St. Jakob, Dachau's parish church, was built in 1624–25 in late-Renaissance style on the foundations of a 13th-century Gothic structure. Baroque features and a characteristic onion dome were added in 1676–78. On the south wall you can admire a very fine sundial from 1699, which displays the month, the zodiac, and the time.

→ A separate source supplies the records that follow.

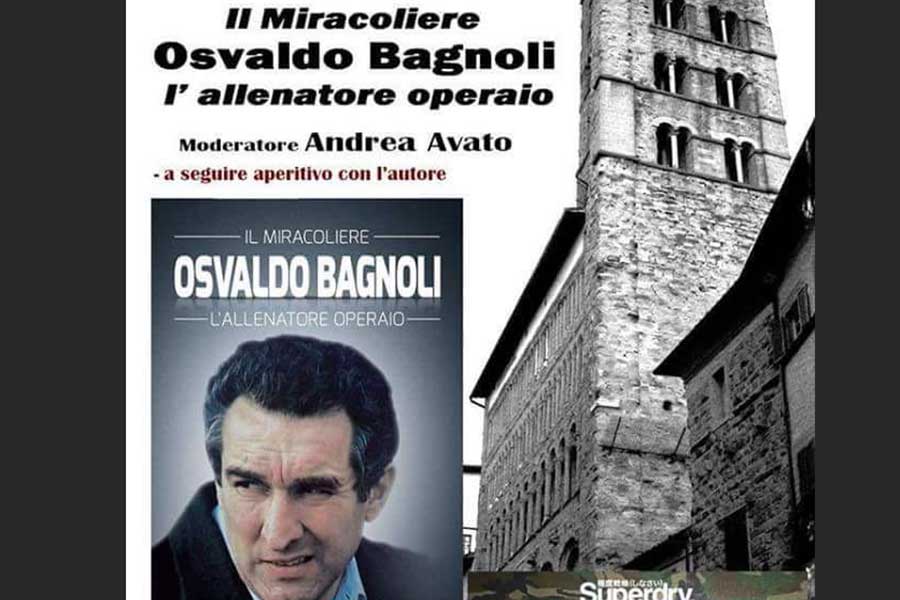 “Il Miracoliere” un libro di Osvaldo Bagnoli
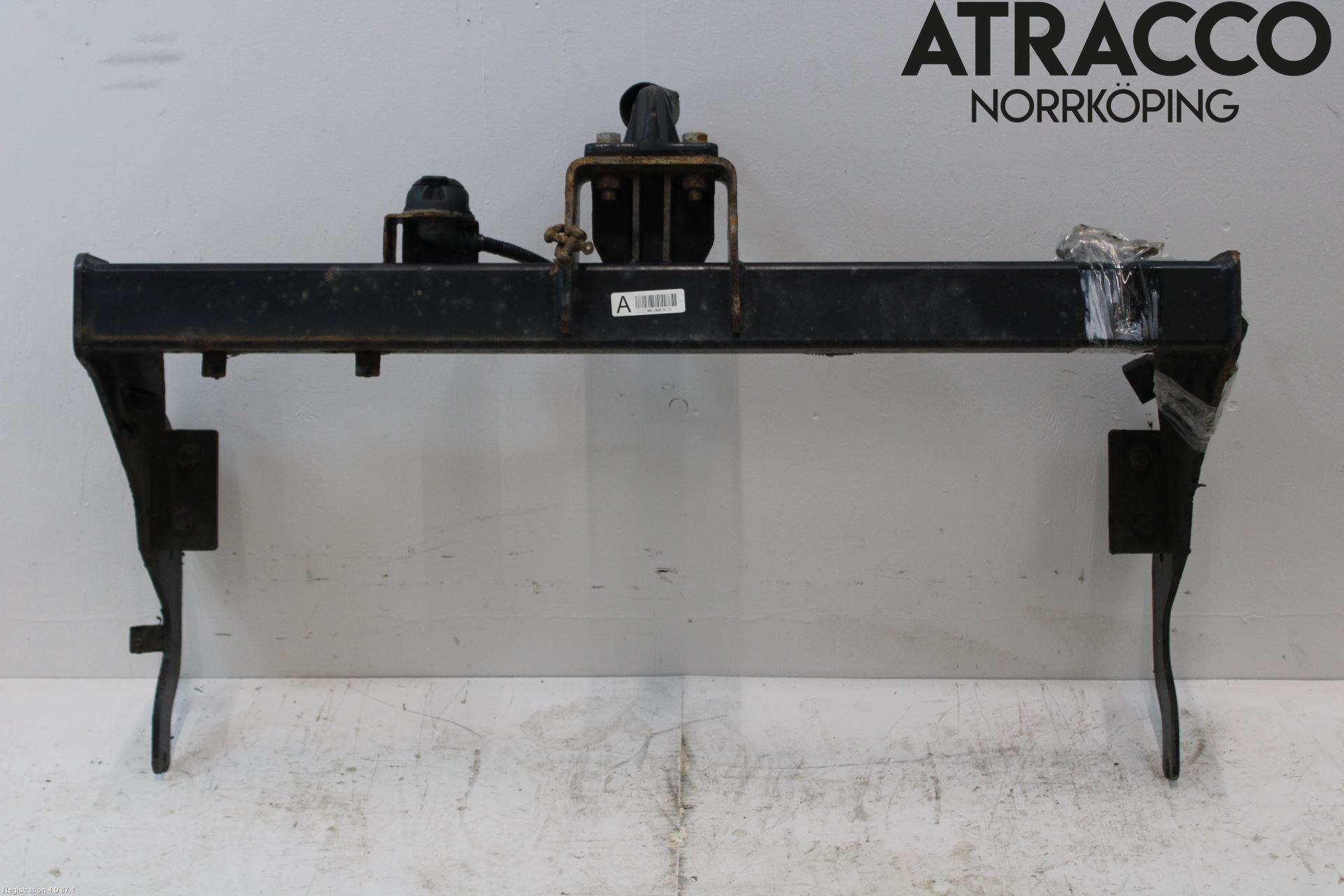 Ford RANGER EU 12-23 Dragkrok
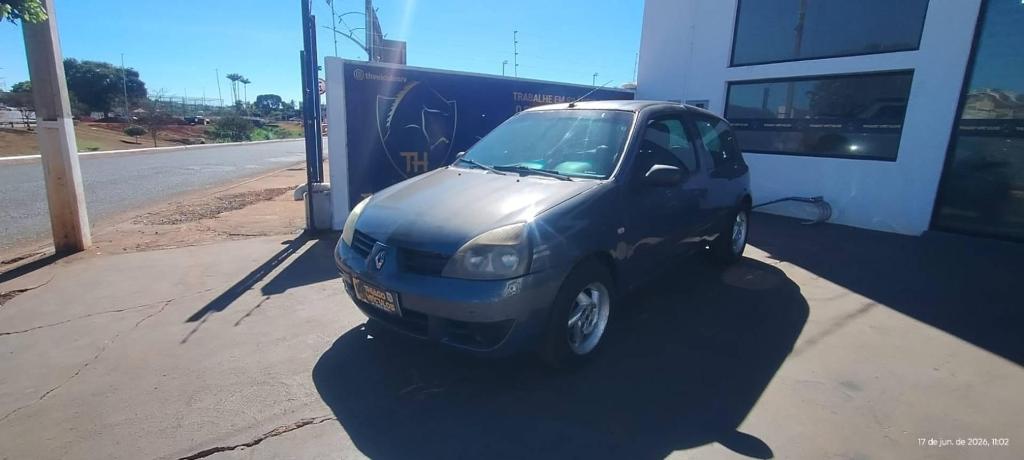 Renault Clio 2011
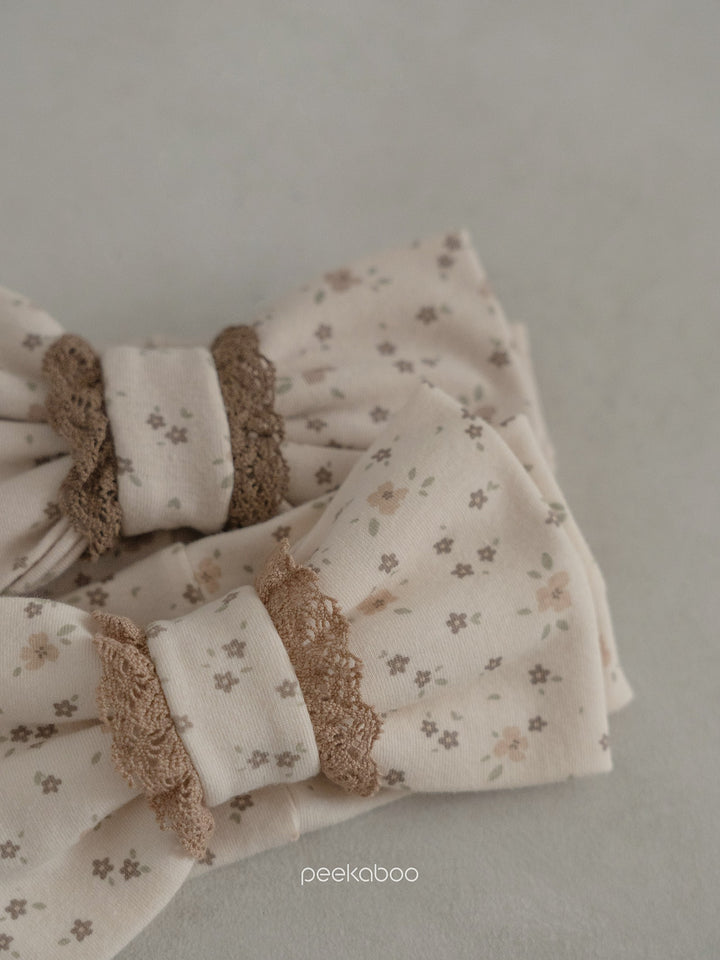 peekaboo  / Bella headband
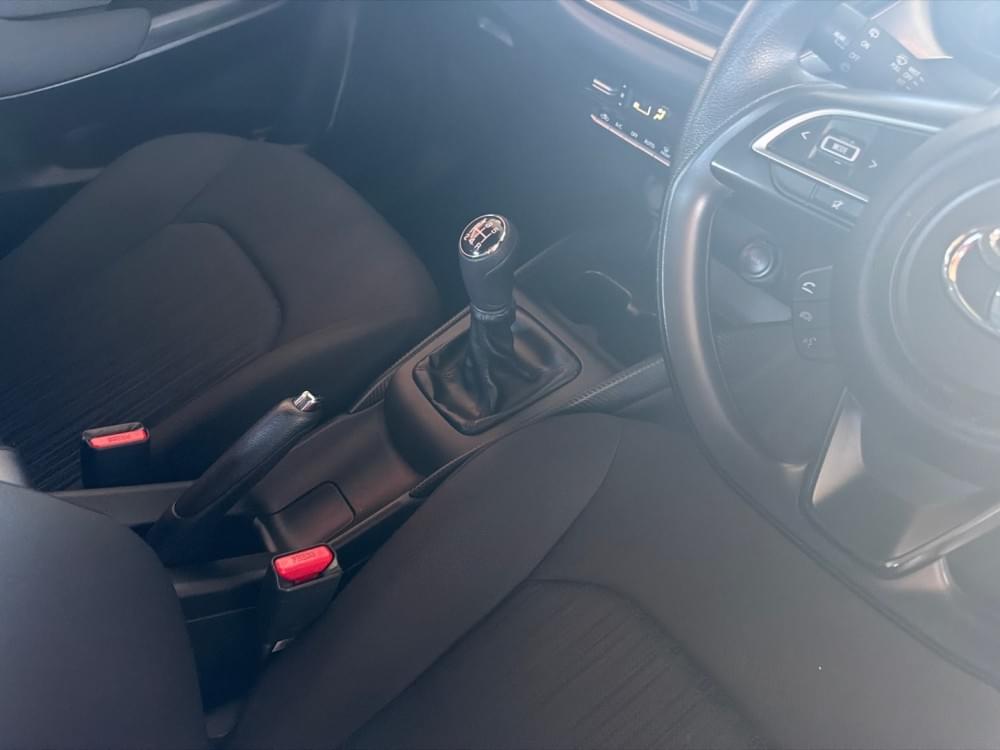 Toyota Starlet 1.5 Xi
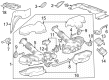 Chevy Corvette Catalytic Converter Diagram - 12704809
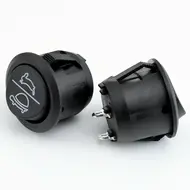Socoje Round 2 Pin Rocker Switch Socoje Round 2 Pin Rocker Switch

Theatinerkirche (St. Kajetan)

Altstadt

This glorious baroque church owes its Italian appearance to its founder, Princess Henriette Adelaide of Savoy, who commissioned it in gratitude for the long-awaited birth of her son and heir, Max Emanuel, in 1662. A native of Turin, the princess mistrusted Bavarian architects and builders and thus summoned Agostino Barelli, a master builder from Bologna, to construct her church. It is modeled on Rome's Sant'Andrea della Valle. Barelli worked on the building for 12 years, but he was dismissed as too quarrelsome. It was another 100 years before the building was finished in a style similar to today's. Its striking yellow facade stands out, and its two lofty towers, topped by delightful cupolas, frame the entrance, with the central dome at the back. The superb stucco work on the inside has a remarkably light feeling owing to its brilliant white color. The expansive Odeonsplatz in front of the Feldherrnhalle and Theatinerkirche is often used for outdoor stage events.